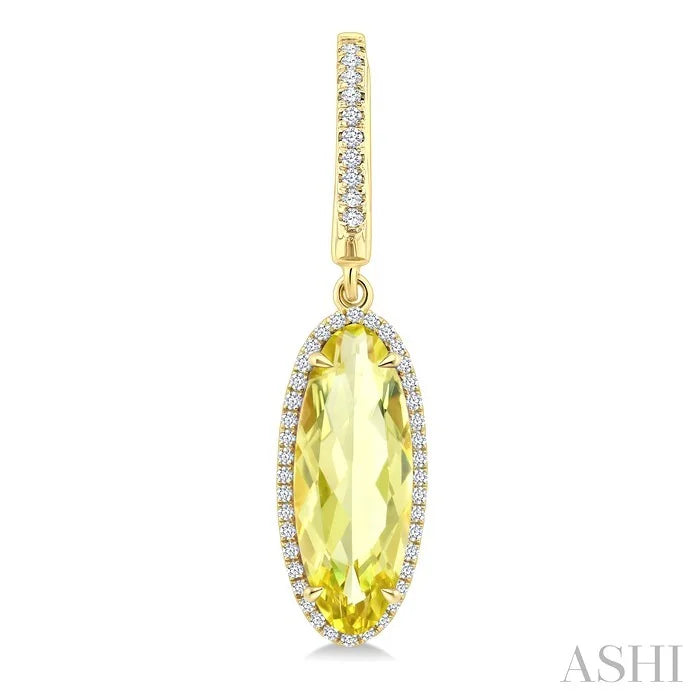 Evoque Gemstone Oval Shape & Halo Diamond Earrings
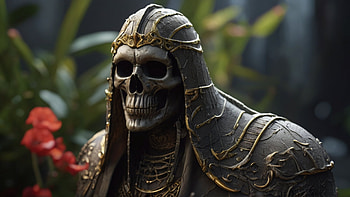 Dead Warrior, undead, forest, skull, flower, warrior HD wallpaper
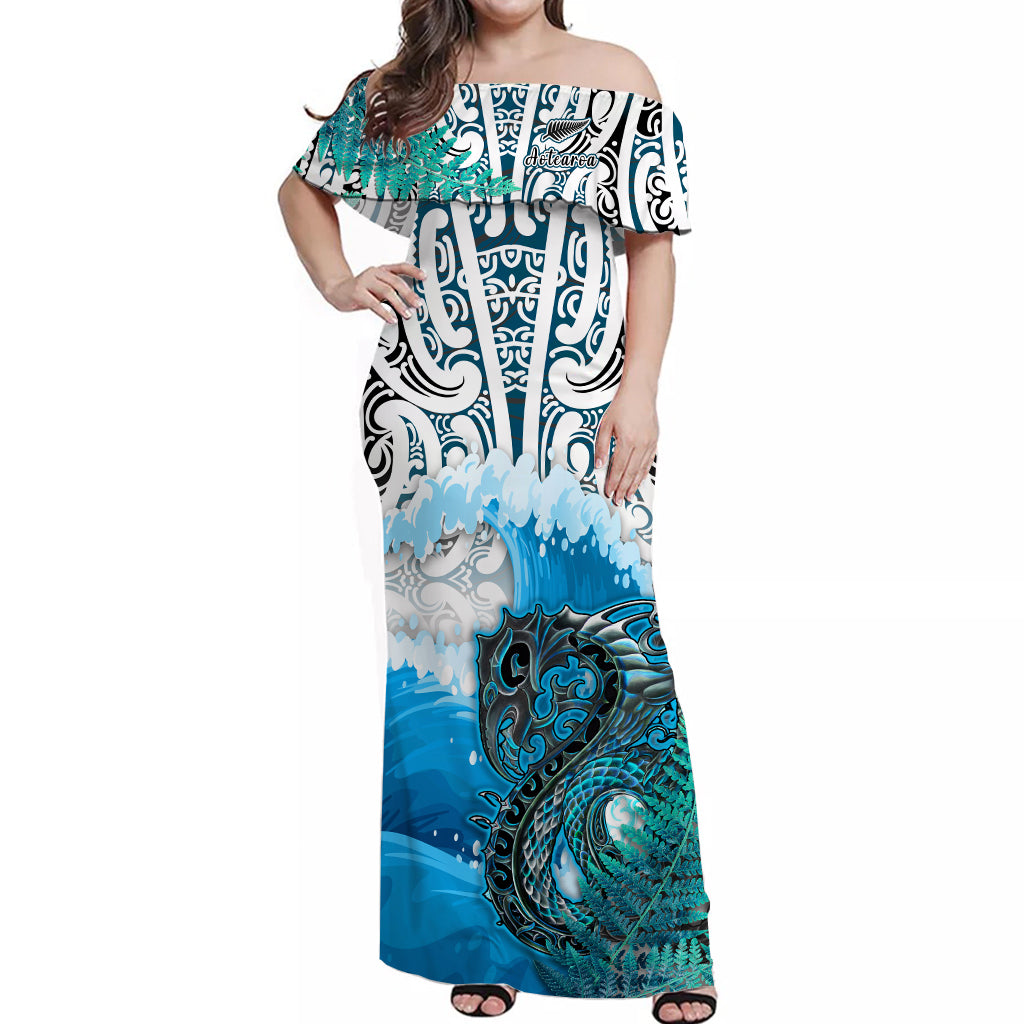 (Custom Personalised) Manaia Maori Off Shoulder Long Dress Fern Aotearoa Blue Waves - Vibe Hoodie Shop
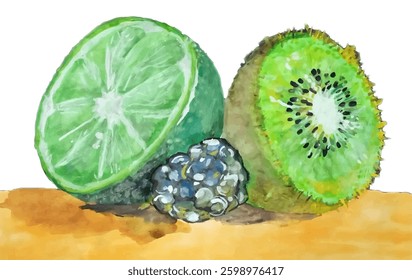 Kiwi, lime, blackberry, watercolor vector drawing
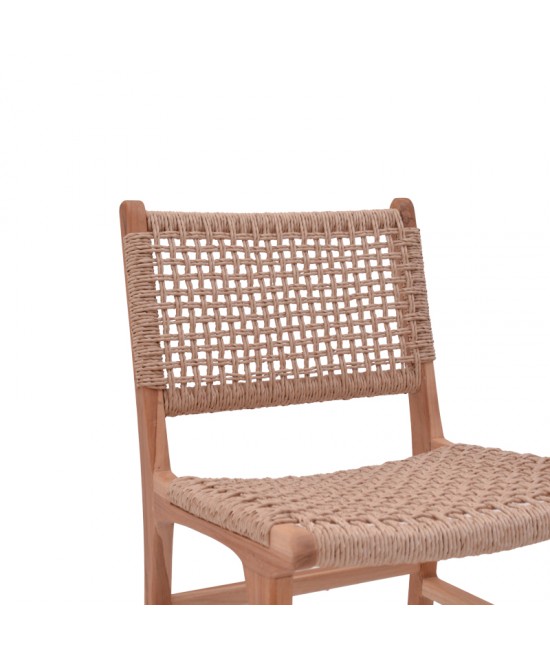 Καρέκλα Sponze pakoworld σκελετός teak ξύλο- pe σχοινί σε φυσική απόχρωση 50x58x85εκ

_ _ _ _

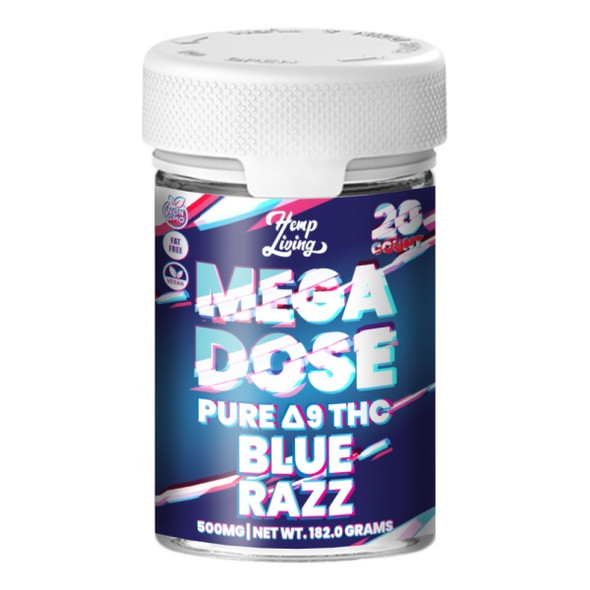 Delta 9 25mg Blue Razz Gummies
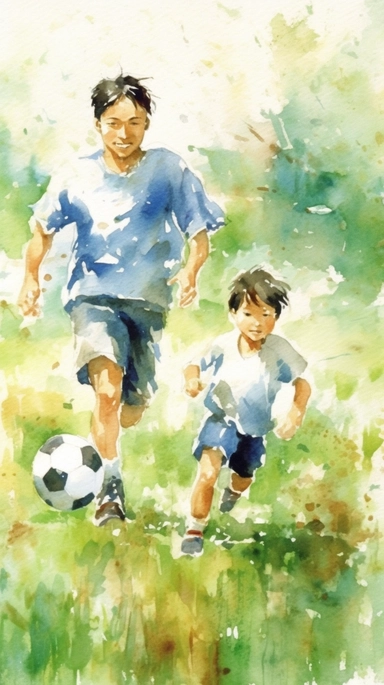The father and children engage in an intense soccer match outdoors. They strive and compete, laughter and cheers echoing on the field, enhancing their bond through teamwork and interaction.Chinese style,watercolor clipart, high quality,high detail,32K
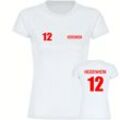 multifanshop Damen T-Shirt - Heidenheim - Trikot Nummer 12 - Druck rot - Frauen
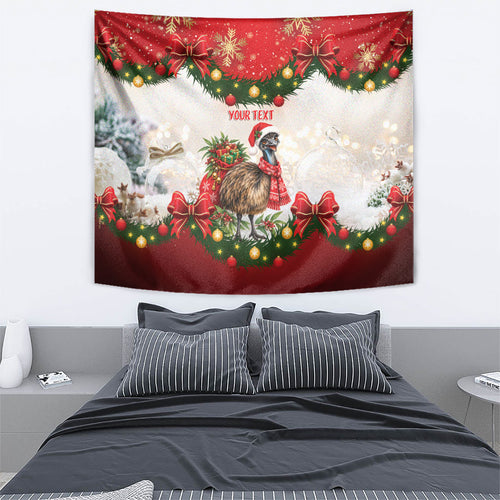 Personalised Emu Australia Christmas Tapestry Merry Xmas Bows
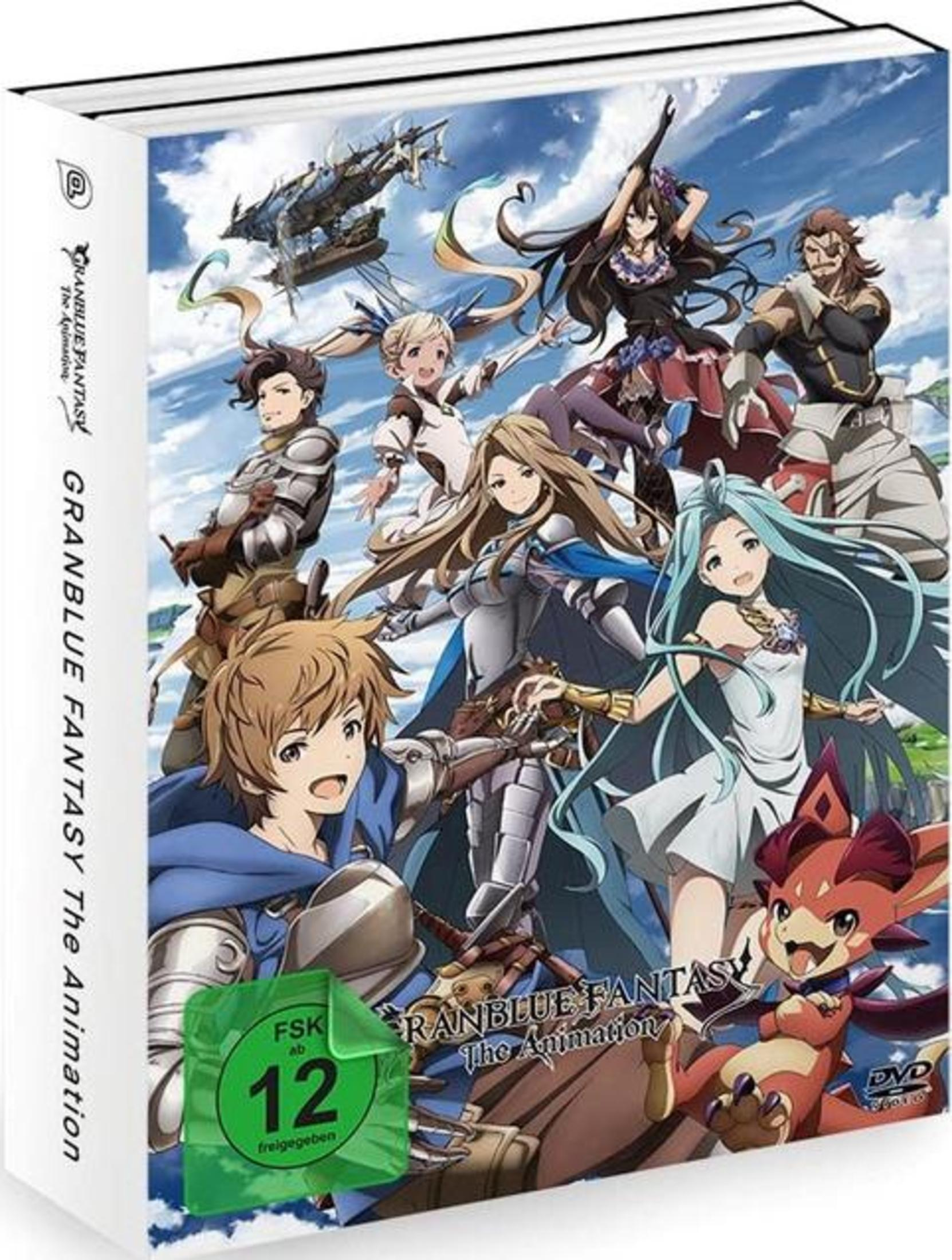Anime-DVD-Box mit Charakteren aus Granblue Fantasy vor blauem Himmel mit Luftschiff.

_ _ _ _

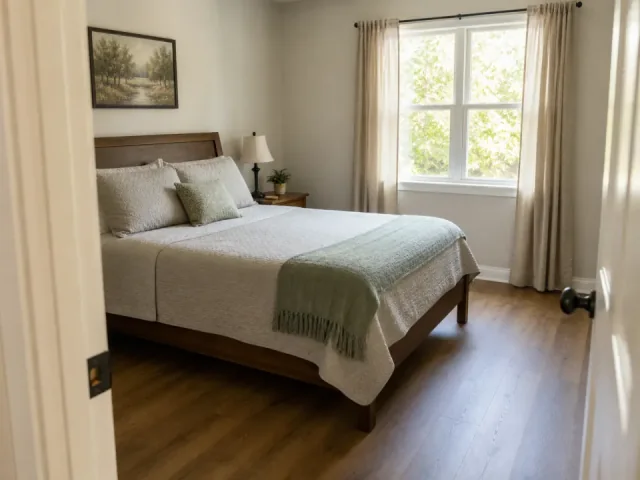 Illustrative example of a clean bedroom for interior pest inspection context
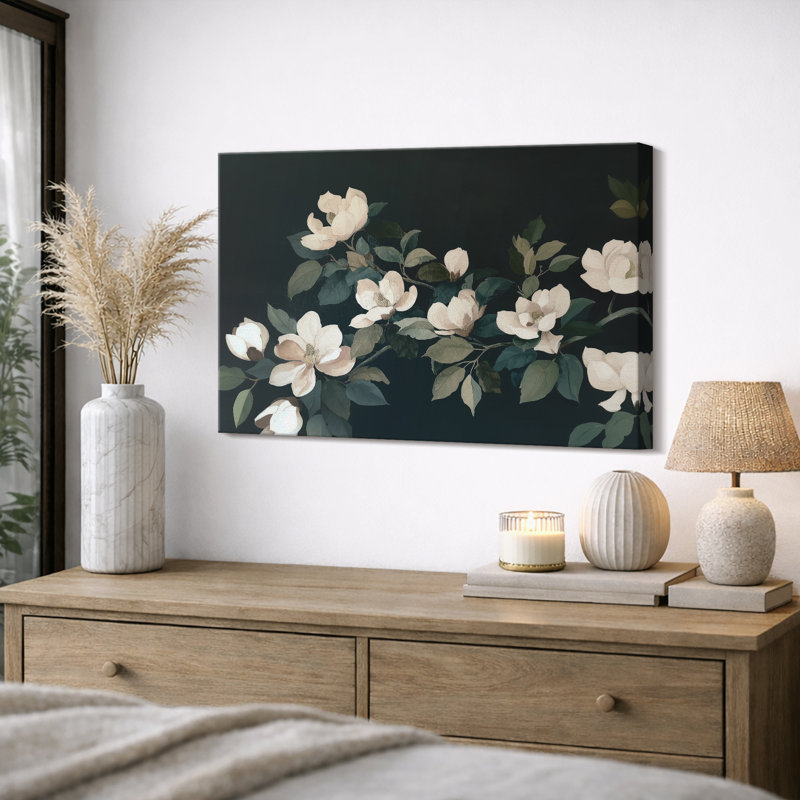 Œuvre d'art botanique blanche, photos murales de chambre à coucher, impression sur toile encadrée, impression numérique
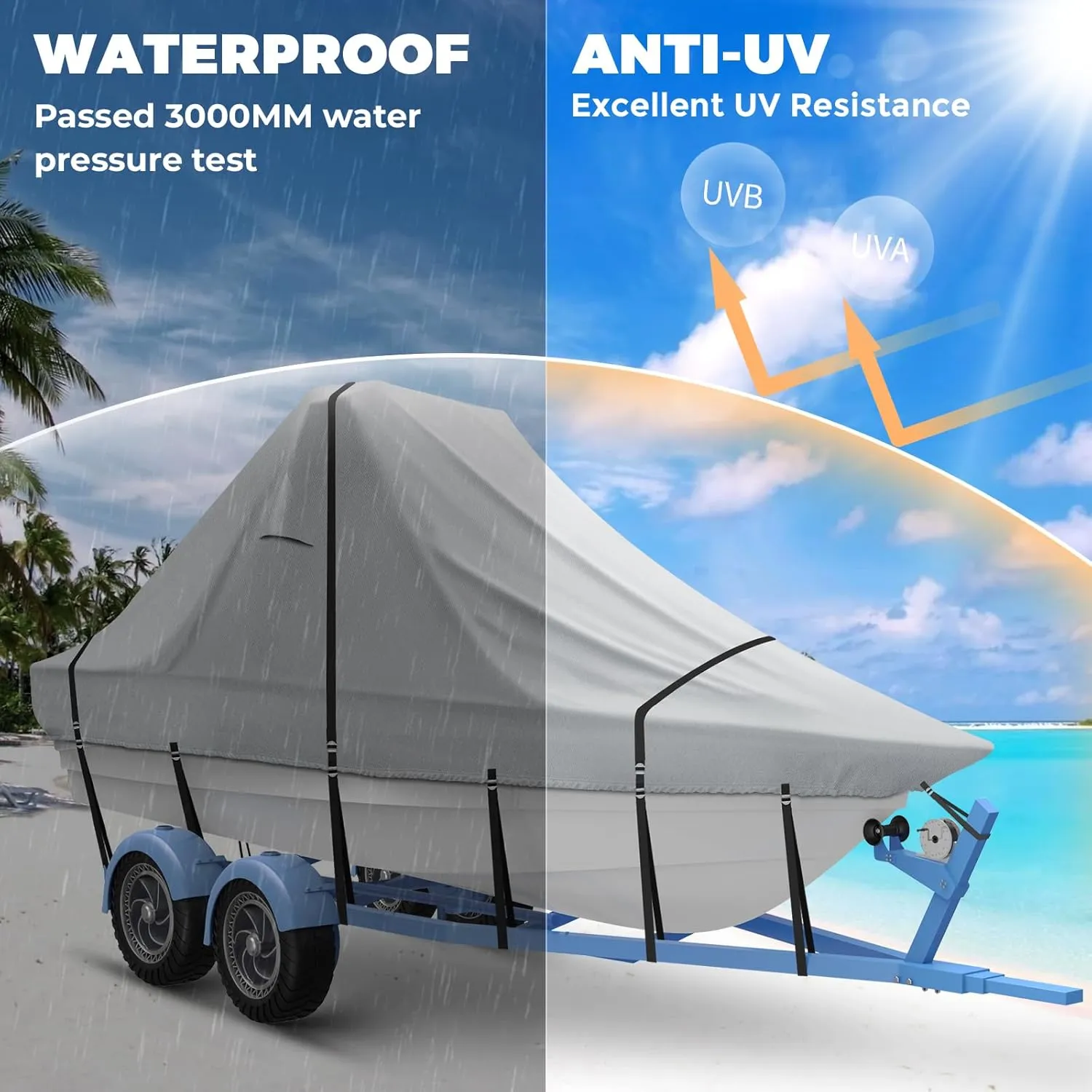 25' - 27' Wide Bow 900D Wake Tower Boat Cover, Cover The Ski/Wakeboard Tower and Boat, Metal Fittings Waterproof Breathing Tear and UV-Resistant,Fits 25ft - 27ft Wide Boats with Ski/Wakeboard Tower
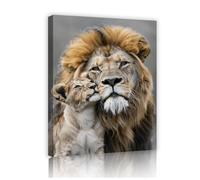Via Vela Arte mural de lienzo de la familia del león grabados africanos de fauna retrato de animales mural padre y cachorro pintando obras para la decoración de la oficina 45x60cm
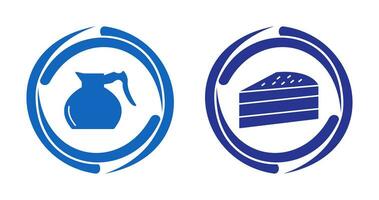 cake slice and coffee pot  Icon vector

_ _ _ _

» TASK BRIEF:
Print exactly the lines above that run from the one with "Evoque Gemstone Oval" to the one with "Καρέκλα Sponze pakoworld", both included. No pictures.

» SOLUTION:
 Evoque Gemstone Oval Shape & Halo Diamond Earrings
 Dead Warrior, undead, forest, skull, flower, warrior HD wallpaper
 (Custom Personalised) Manaia Maori Off Shoulder Long Dress Fern Aotearoa Blue Waves - Vibe Hoodie Shop
 Kiwi, lime, blackberry, watercolor vector drawing
 Καρέκλα Sponze pakoworld σκελετός teak ξύλο- pe σχοινί σε φυσική απόχρωση 50x58x85εκ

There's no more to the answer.